ARTICLE NINE: EMPLOYEES / AGENTS
The Board of Directors may hire persons to be employees or agents of the organization. The Board shall define the responsibilities and rate of compensation of all employees or agents. Agents may, at the sole discretion of the Board, be required to comply with the provisions of Article ___, Section ___ of these bylaws. The Board shall also have the authority to fire or subject to disciplinary action under Article ___ , Section ___ any employees or agents of the organization.
ARTICLE TEN: COMMITTEES
All committee members shall be selected by their respective Committee Chairman and confirmed by the President. The term of office of each committee member shall be one campaign season, or less if the committee is dissolved by the action of the Board of Directors.
ARTICLE ELEVEN: AMENDMENTS
These Bylaws and the Operating Rules may be amended by an affirmative vote of a majority of the members in good standing of the organization, providing that a petition bearing the signature of twenty percent (20%) of the total number of members in good standing has been submitted to the Board of Directors. Upon submission and verification of the signatures, the Board shall instruct the Secretary to cause notices to be sent to all members in good standing specifying the date, place, and time of the general membership meeting at which the amendment is to be considered. The work product of designated committees shall be exempt from the submission of a petition.

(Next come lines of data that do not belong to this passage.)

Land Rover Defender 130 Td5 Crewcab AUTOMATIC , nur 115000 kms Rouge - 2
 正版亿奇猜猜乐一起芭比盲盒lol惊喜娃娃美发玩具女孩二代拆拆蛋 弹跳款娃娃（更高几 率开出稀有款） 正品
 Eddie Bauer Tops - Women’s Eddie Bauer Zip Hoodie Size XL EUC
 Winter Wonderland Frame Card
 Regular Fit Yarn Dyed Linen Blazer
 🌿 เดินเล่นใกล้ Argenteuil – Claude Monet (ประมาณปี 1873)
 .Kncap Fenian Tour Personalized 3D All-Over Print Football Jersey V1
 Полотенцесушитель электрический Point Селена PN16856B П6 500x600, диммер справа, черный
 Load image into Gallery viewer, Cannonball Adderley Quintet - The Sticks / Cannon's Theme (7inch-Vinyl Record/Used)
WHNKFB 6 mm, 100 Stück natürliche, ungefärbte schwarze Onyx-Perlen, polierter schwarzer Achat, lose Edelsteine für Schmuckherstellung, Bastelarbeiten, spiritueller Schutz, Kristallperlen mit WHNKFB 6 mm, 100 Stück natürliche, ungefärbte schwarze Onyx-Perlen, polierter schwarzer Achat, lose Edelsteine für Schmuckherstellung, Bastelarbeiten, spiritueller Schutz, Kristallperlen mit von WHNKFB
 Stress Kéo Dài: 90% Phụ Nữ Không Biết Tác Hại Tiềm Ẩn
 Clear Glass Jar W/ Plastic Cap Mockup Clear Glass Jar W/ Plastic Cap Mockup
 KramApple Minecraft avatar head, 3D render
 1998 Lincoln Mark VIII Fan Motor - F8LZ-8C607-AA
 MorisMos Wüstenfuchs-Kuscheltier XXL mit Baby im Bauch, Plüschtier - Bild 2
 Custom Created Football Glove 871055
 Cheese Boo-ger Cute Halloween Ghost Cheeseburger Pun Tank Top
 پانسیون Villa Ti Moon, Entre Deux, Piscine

ARTICLE TWELVE: PARTIAL INVALITITY
If any condition or article or sub-section of these bylaws ar any application thereof to any person or circumstance shall, to any extent, be invalid or unenforceable, the remainder of these bylaws, or application of such condition or article or sub-section to such person or circumstances other than those as to which it is held invalid or unenforceable, shall not be affected thereby and each condition or article or subsection shall be valid and enforceable to the fullest extent of the law. Further, it is the intention of the parties hereto that if any term, agreement, covenant, or condition of these bylaws is capable of two (2) constructions, one of which would render said term, agreement, covenant, or condition void and the other valid, then said term, agreement, covenant, or condition shall have the meaning which renders it valid.
ARTICLE THIRTEEN: CAPTIONS AND NUMBERS
The captions, section numbers, article numbers, title headings and any index appearing in these Bylaws are inserted only as a matter of convenience and in no way define, limit, construe, or describe the scope or intent of such sections or articles of these Bylaws, nor in any way affect these Bylaws.
ARTICLE FOURTEEN: GOVERNING LAW
The laws of the State of Texas shall govern the interpretation, validity, performance, and enforcement of these Bylaws. Should these Bylaws be in conflict with the laws of the State of Texas, then the more restrictive interpretation shall apply.
ARTICLE FIFTEEN: USE OF PRONOUN
The necessary grammatical changes required to the terms, covenants, or conditions of these Bylaws apply in the plural sense where there is more than one individual, and to either corporations, associations, partnerships, male or female shall, in all instances, be assumed as though each case is fully expressed.